Do I think it's a rash decision? I don't know. If Chris had accidentally got me pregnant, what would I have done? I don't know. I picture a tiny newborn, a cuddly toddler, a five-year-old coming home from school with finger-painting to put on the fridge door. First steps, first words, home-made pine cone decorations for the Christmas tree. For a second my entire body aches with love and need but children aren't for me so I put that to one side. I can't even take care of myself properly; any child I brought up would end up in therapy for years. Or possibly a serial killer.
Anyway, it would have Chris for a father. I would have to tell him. I'd never get rid of the fucker then.
It's going to be bloody hard for Gin. I'm terrified for her. All of us find it hard enough to survive in David Cameron's Britain even without a helpless newborn in tow. Babies cost money, and lots of it, and Gin is currently refusing to discuss any of the practicalities.
I understand why. If she thinks about the practicalities for too long, she will have to admit that what she is doing is going to be near impossible and it is still not too late. Physically, I mean. Mentally it was too late on the day she found out.
Gin is trying on a short pink dress with long full sleeves and tight cuffs.
“Very Mad Men,” says Amanda, appreciatively. “You look like you belong in The Shirelles.”

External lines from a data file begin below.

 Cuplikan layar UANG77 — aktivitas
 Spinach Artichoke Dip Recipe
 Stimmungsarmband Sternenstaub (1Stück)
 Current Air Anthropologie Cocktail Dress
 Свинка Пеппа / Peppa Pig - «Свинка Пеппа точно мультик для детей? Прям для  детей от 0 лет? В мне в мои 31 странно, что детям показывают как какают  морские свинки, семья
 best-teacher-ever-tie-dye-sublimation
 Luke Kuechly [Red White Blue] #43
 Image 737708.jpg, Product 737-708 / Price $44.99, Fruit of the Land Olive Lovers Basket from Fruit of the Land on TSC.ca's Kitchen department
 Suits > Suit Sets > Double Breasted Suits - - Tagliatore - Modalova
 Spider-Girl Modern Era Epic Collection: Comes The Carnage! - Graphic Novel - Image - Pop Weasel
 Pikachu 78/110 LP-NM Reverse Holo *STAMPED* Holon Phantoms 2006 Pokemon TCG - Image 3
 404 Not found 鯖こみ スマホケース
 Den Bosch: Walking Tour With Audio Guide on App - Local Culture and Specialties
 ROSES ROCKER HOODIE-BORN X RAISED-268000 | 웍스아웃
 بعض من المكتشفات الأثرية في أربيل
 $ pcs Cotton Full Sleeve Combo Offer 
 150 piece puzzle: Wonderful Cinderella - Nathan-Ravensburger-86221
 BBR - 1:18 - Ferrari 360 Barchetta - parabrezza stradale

Gin twirls in front of the mirror. She likes this one. I'm tempted to say that she should save the money for the baby, but she will run out of money in seconds flat anyway. There's no way she will have enough money to live on. She has debt, no savings, no home of her own, and her job doesn't pay enough to afford childcare. This is going to be rocky, to say the least.
At least this way she will have a decent wardrobe to see her through. And something to sell on eBay when the two of them can't afford to eat.
“Can you sound Jena out about the 25th?”she says. “For my baby shower. Find out whether it's good for her?”
That feels like a sharp knife to the ribcage. Jena isn't answering my texts or calls, and I know that she doesn't want to hear from me, and sooner or later Amanda and Gin will have to know. It doesn't seem fair to have to drag them into it. Well, I will have to email Jena and copy Gin in; at least then she will have to decline herself.
I hope she'll decline, anyway. Getting given the cold shoulder at my best friend's baby shower will be more than I can bear.